Walls Of Paper Poem by Alan Bruce Thompson

Walls Of Paper



In the school of then we learned to build walls so high,
Foundations so solid they would lift stones to the sky.
The blocks would be carefully cut and arranged in line,
Some walls would last forever, longer than time.

Armies marched past, empires rose and fell,
And the stones would try to speak, those stories to tell.
Generations passed through with victory and pain,
But in the end, the sacrifice of civilization was in vain.

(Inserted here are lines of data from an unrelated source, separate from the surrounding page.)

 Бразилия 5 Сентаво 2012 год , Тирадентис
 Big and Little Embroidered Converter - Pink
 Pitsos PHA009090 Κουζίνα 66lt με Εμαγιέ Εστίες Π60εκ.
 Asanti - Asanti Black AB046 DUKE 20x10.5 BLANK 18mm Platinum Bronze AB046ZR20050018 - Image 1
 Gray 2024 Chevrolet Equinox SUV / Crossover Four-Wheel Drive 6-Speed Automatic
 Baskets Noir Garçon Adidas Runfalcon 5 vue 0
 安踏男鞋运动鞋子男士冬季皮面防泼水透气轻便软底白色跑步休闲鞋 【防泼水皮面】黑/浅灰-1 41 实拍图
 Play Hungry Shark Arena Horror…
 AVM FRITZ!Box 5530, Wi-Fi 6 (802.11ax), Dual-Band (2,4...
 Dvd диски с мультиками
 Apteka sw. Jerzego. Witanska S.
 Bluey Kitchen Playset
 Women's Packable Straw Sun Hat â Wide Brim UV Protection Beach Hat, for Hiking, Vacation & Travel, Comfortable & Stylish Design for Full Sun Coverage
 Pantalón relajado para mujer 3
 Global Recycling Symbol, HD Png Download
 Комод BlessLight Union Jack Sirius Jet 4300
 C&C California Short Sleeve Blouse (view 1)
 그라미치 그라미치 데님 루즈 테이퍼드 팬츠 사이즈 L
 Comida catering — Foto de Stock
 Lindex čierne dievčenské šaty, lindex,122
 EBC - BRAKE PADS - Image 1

The new leaders decided walls should not last so long,
That towers of stone were far too strong.
The walls of the future should be paper thin,
Then the inhabitants could not know if they were outside or in.

Paper walls could be ripped out or even burnt down,
Paper houses, paper streets, and then a paper town
The disposable paper world had arrived,
It was time to pull down those pillars that survived.

The times have changed, the past has no worth,
The civilized values have all gone forth.
And has been replaced by nothing, wrapped in meaningless words,
People no longer valued as souls, rather shepherded in herds.

Nothing should last, we should pay much to replace,
We must endure covering lies, simply to save face.
Those who believe build in stone behind the papers lies,
To pass on our knowledge before civilization dies.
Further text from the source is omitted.